• **Exercise**
Repeat the lines from the line with "Bruce Lee Chuck" to the line with "VT license plate YTW124" in the listing below, keeping both end lines and adding nothing.

#### Data for review

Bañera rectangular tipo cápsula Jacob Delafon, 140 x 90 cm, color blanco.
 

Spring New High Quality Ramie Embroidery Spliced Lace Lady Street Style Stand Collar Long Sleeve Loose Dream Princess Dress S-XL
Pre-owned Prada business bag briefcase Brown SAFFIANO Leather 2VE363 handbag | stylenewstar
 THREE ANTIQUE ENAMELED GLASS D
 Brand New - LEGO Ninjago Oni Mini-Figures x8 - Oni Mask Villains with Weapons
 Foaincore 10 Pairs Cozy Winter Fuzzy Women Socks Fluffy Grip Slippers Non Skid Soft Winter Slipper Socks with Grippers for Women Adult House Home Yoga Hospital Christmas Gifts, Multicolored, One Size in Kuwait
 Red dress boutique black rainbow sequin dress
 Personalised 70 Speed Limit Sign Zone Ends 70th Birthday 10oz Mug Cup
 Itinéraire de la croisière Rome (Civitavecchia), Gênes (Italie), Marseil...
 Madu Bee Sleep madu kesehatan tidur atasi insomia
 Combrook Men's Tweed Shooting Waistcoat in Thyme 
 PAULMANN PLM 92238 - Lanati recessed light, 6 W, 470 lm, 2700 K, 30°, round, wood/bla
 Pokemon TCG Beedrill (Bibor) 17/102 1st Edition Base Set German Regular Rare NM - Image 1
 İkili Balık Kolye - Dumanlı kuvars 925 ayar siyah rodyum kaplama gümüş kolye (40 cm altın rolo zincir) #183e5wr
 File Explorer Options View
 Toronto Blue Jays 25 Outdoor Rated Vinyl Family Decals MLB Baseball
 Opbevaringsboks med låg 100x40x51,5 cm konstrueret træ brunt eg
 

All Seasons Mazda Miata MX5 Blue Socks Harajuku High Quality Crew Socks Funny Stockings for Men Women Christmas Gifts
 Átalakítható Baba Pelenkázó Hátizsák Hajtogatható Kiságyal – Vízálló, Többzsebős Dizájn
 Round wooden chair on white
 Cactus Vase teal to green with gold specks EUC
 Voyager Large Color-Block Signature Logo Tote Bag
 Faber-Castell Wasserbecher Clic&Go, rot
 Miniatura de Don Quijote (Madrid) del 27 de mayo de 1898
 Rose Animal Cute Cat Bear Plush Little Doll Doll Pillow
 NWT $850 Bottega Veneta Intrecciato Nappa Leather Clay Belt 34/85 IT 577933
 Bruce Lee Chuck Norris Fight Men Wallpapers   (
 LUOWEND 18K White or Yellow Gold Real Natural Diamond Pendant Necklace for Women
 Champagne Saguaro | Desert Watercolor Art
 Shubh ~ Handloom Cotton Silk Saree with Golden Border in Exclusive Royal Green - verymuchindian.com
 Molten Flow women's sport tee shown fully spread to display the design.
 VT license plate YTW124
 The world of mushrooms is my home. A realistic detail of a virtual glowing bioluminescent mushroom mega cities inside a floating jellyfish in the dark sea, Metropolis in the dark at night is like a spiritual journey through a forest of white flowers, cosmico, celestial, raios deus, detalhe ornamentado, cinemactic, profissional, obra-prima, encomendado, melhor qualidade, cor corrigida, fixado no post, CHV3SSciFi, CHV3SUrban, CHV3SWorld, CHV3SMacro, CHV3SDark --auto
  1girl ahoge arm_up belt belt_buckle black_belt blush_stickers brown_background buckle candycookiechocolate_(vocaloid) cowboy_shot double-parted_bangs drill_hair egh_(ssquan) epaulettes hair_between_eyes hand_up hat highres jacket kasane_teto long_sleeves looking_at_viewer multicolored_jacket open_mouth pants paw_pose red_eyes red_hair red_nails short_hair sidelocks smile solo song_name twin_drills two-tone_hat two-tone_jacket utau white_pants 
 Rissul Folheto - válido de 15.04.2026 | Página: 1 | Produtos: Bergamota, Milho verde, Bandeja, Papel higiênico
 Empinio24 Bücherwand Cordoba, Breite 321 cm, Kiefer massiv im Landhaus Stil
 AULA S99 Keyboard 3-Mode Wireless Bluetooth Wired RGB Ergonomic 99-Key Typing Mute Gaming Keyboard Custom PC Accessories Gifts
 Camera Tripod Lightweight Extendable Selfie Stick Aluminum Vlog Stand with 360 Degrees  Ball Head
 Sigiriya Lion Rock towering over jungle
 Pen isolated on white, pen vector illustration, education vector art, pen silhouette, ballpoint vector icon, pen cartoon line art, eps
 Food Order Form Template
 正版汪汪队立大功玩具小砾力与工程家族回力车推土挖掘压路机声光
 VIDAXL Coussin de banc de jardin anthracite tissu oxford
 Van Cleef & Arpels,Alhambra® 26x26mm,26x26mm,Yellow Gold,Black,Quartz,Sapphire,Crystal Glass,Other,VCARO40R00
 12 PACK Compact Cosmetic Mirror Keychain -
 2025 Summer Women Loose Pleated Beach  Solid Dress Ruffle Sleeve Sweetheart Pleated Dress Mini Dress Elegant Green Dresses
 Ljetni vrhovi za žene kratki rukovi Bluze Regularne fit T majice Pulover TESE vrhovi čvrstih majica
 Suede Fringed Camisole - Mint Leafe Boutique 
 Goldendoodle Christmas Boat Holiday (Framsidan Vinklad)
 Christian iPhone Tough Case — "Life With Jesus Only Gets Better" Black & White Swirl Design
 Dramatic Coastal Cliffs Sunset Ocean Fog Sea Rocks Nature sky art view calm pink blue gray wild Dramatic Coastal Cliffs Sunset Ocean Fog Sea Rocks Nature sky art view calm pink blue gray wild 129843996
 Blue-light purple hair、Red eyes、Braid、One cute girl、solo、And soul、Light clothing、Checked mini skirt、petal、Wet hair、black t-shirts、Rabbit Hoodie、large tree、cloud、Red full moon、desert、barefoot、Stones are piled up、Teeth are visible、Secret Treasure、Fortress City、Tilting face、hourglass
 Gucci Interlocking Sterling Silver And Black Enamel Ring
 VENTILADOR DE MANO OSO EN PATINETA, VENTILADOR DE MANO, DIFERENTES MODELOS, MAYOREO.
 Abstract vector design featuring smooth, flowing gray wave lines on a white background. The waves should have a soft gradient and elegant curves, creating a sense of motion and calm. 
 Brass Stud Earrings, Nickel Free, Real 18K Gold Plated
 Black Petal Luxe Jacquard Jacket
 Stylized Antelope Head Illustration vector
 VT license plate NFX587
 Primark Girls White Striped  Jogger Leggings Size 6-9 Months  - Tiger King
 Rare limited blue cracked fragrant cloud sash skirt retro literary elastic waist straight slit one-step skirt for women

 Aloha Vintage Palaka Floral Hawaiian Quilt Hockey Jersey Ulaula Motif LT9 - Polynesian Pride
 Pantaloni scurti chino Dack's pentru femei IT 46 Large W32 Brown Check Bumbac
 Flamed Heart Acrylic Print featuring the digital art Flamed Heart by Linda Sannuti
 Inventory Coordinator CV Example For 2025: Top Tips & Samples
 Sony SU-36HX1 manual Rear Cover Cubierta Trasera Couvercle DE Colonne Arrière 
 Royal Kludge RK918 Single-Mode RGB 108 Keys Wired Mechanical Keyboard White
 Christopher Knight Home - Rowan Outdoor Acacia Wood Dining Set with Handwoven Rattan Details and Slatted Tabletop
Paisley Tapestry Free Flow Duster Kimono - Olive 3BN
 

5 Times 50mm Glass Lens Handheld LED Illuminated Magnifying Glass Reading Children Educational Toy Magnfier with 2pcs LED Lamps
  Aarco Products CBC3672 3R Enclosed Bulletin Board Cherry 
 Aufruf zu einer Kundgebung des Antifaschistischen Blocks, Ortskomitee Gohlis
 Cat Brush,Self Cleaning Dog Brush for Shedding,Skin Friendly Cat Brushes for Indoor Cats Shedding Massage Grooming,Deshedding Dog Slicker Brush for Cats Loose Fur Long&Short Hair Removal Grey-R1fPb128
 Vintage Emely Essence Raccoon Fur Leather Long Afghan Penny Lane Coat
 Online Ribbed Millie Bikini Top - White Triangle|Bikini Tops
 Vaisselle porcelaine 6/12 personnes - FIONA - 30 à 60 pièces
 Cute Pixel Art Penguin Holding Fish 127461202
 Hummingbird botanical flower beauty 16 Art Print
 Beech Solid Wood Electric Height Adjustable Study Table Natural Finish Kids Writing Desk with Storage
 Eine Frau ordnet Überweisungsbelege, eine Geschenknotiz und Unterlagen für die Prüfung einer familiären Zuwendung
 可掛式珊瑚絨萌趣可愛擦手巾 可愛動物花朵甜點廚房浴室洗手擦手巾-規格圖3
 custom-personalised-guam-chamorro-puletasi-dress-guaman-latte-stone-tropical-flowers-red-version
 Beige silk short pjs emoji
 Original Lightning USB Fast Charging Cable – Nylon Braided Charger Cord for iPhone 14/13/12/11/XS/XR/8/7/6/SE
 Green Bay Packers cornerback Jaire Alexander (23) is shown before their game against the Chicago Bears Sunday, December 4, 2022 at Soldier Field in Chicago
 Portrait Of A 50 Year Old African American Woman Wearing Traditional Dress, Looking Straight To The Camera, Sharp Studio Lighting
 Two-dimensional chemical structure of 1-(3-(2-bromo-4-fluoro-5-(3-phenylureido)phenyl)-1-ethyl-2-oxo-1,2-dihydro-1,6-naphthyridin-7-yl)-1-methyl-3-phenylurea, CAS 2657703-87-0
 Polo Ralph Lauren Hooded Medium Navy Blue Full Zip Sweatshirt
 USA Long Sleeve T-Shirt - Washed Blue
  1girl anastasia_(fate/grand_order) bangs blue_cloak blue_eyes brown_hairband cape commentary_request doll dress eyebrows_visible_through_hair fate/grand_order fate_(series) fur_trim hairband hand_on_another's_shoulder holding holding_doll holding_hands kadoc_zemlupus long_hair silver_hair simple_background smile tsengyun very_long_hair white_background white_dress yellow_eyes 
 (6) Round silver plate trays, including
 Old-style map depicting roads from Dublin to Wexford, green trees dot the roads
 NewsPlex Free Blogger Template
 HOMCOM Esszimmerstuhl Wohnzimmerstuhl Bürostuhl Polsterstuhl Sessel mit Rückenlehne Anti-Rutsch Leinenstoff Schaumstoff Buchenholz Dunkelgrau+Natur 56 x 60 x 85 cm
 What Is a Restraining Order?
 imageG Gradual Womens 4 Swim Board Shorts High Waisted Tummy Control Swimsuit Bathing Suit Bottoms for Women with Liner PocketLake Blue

########

• **Answer for this exercise**
 Bruce Lee Chuck Norris Fight Men Wallpapers   (
 LUOWEND 18K White or Yellow Gold Real Natural Diamond Pendant Necklace for Women
 Champagne Saguaro | Desert Watercolor Art
 Shubh ~ Handloom Cotton Silk Saree with Golden Border in Exclusive Royal Green - verymuchindian.com
 Molten Flow women's sport tee shown fully spread to display the design.
 VT license plate YTW124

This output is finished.